M. Henri Plagnol, suppléant le rapporteur. Cette base est déjà active et monte en puissance. Des crédits ont été engagés et le tout sera finalisé à l’horizon 2014, mais je n’ai malheureusement pas plus de précision quant aux investissements engagés. Je vous donnerai par écrit des éléments sur son coût initial.

M. Jean-Pierre Kucheida. Vous avez parlé d’une base aéronavale, ce qui suppose la présence d’un port. Etant donné la configuration de la côte, qui est sableuse et présente de faibles profondeurs, de quel type de port s’agit-il ?

Je tiens à rappeler le petit nombre de citoyens émiriens, alors que le pays s’est développé au cours des dernières décennies grâce à l’arrivée d’une très nombreuse main d’œuvre étrangère. Il ne connaît donc pas le même type de tensions entre communautés que Bahreïn.

M. Henri Plagnol, suppléant le rapporteur. Les citoyens émiriens sont effectivement très peu nombreux. La base comprendra une jetée de 300 mètres pour accueillir les navires.

M. Jean-Michel Boucheron. Cet accord est d’abord un accord politique. La France a besoin d’avoir des alliés, comme le met en évidence l’opération en Libye, à laquelle les Emirats arabes unis participent. Cette base permettra à la France d’être présente dans le détroit d’Ormuz, et donc d’être un acteur de la région.

Les moyens mis en place à Abou Dabi proviendront-ils d’autres bases ? En d’autres termes, la France va-t-elle alléger sa présence à Djibouti ?

M. Henri Plagnol, suppléant le rapporteur. Il est évident que des moyens vont être redéployés au profit d’Abou Dabi, mais je ne peux pas vous dire s’ils proviendront de Djibouti ou d’ailleurs. Là encore, je vous enverrai un complément de réponse par écrit.

M. Rudy Salles. Cet accord est extrêmement pertinent. Les Emirats arabes unis constituent une plate-forme régionale d’échanges ; c’est un pays très ouvert, notamment aux autres Etats arabes. Il se situe dans une zone très sensible et sa sécurité doit absolument être assurée. Quelle a été la réaction des Etats arabes voisins, le Qatar et l’Arabie saoudite en particulier, à la conclusion de cet accord ?

M. Henri Plagnol, suppléant le rapporteur. Ces Etats n’ont eu aucune réaction hostile à cet accord.

Le président Axel Poniatowski. Je voudrais souligner l’importance de cet accord qui lie la France aux émirats qui forment la Fédération, dont le président est l’émir d’Abou Dabi. La clause d’engagement a été conclue à la demande des Emirats arabes unis. Il faut rappeler qu’ils ont aussi signé des accords de défense avec les Etats-Unis et le Royaume uni : ces accords sont secrets, mais ils contiennent très probablement cette même clause.

La France a été le premier pays à reconnaître l’indépendance de la Fédération, avec laquelle elle entretient les liens bilatéraux les plus forts de toute la zone.
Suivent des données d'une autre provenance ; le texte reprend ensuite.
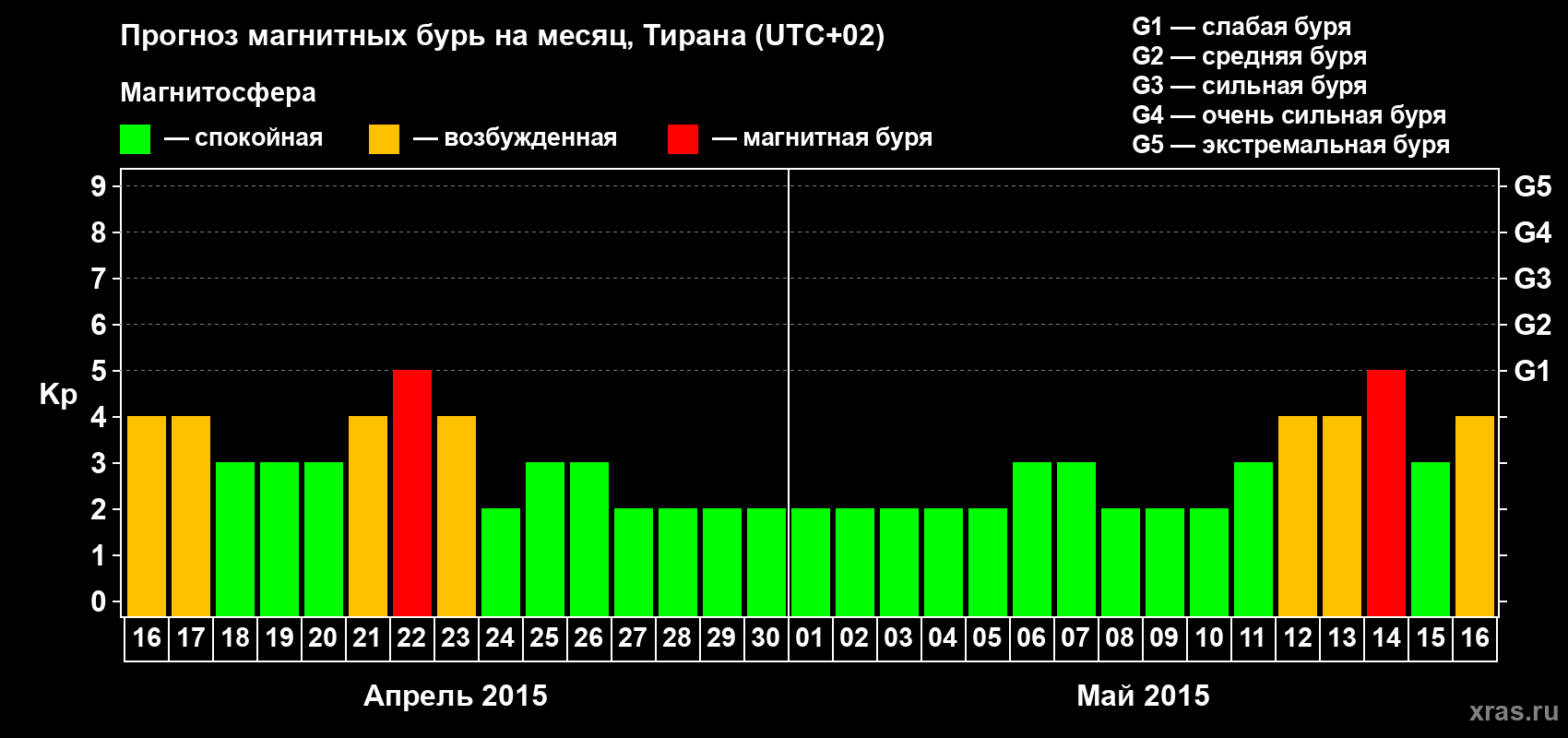Прогноз максимального суточного геомагнитного индекса Kp на <b>1 месяц</b> (31 день) <b>с 16 апреля по 16 мая 2015 г</b>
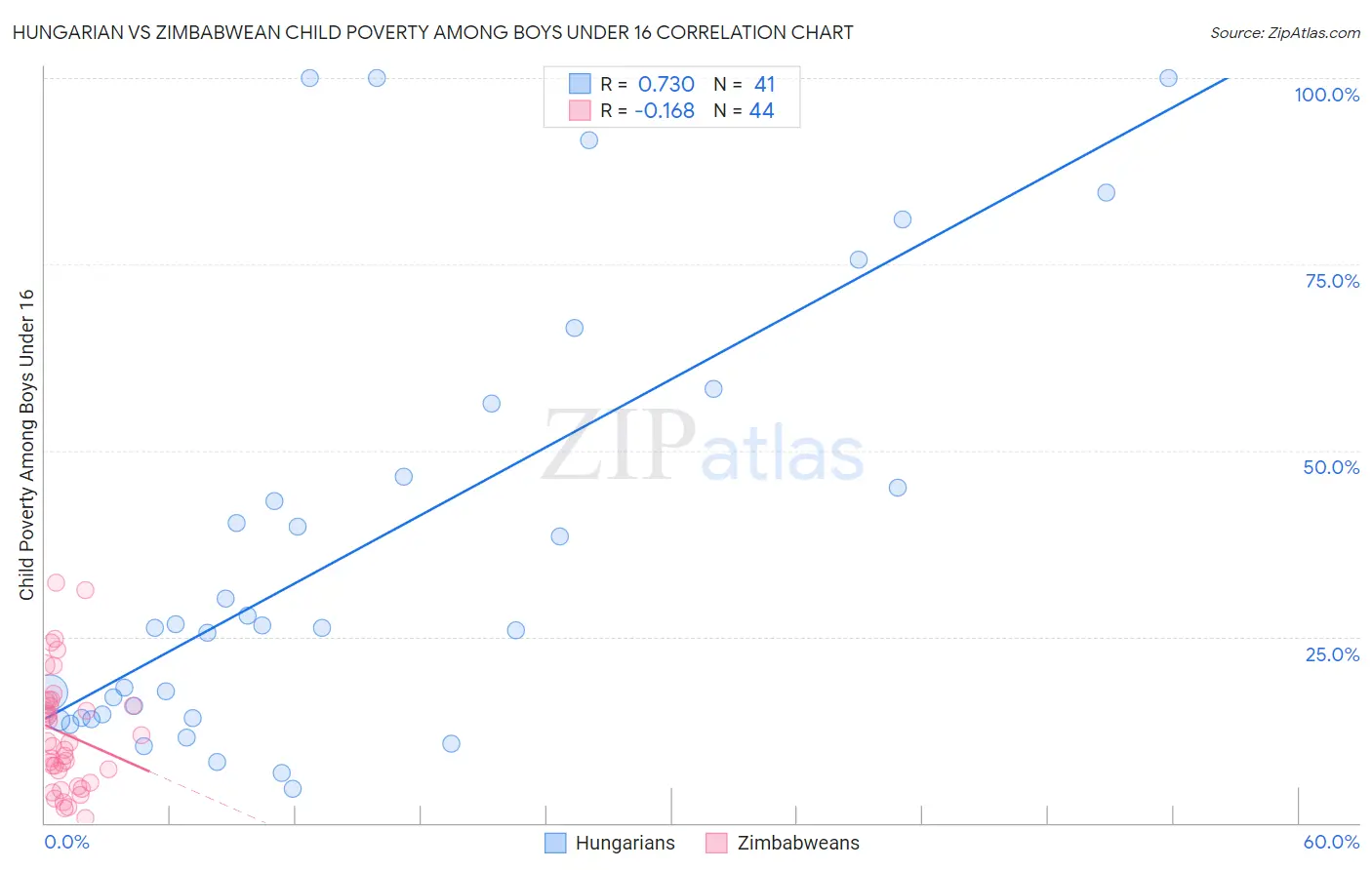 Hungarian vs Zimbabwean Child Poverty Among Boys Under 16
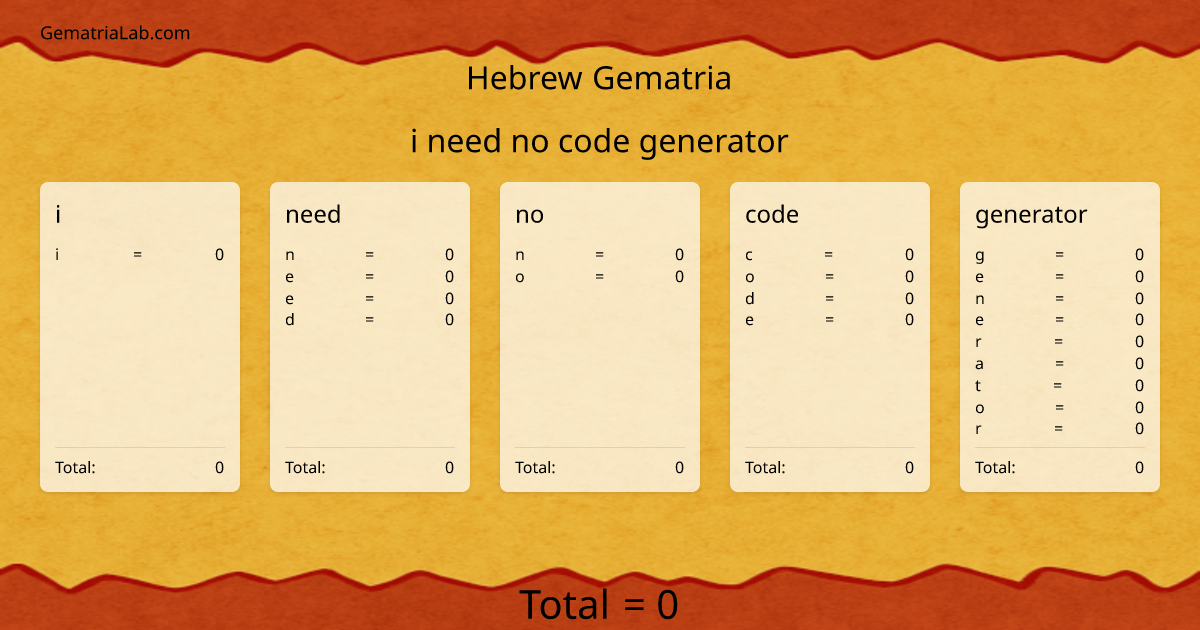 i need no code generator in hebrew Gematria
En contribuant à la sécurité de cet Etat, elle assure aussi celle des 3,5 milliards d’échanges commerciaux qu’elle réalise annuellement avec lui. En outre, cet accord a d’abord un objectif de dissuasion, la France se posant comme garante de l’intégrité territoriale et de la souveraineté de la Fédération.

M. Henri Plagnol, suppléant le rapporteur. Je n’ai rien à ajouter aux arguments présentés par les uns et les autres en faveur de l’approbation de cet accord.

Suivant les conclusions du Rapporteur, la Commission adopte sans modification le projet de loi (no 3193).

*

La Commission vous demande donc d’adopter, dans les conditions prévues à l’article 128 du Règlement, le présent projet de loi dans le texte figurant en annexe du présent rapport.

ANNEXE

TEXTE DE LA COMMISSION DES AFFAIRES ÉTRANGÈRES

Article unique

(Non modifié)

Est autorisée l’approbation de l’accord entre le Gouvernement de la République française et le Gouvernement des Émirats arabes unis relatif à la coopération en matière de défense, signé à Abou Dabi, le 26 mai 2009, ainsi qu’un accord sous forme d’échange de lettres relatif à l’interprétation de l’accord de coopération en matière de défense, signées à Paris, le 15 décembre 2010, et dont le texte est annexé à la présente loi.

NB : Le texte de l’accord figure en annexe au projet de loi (n° 3193).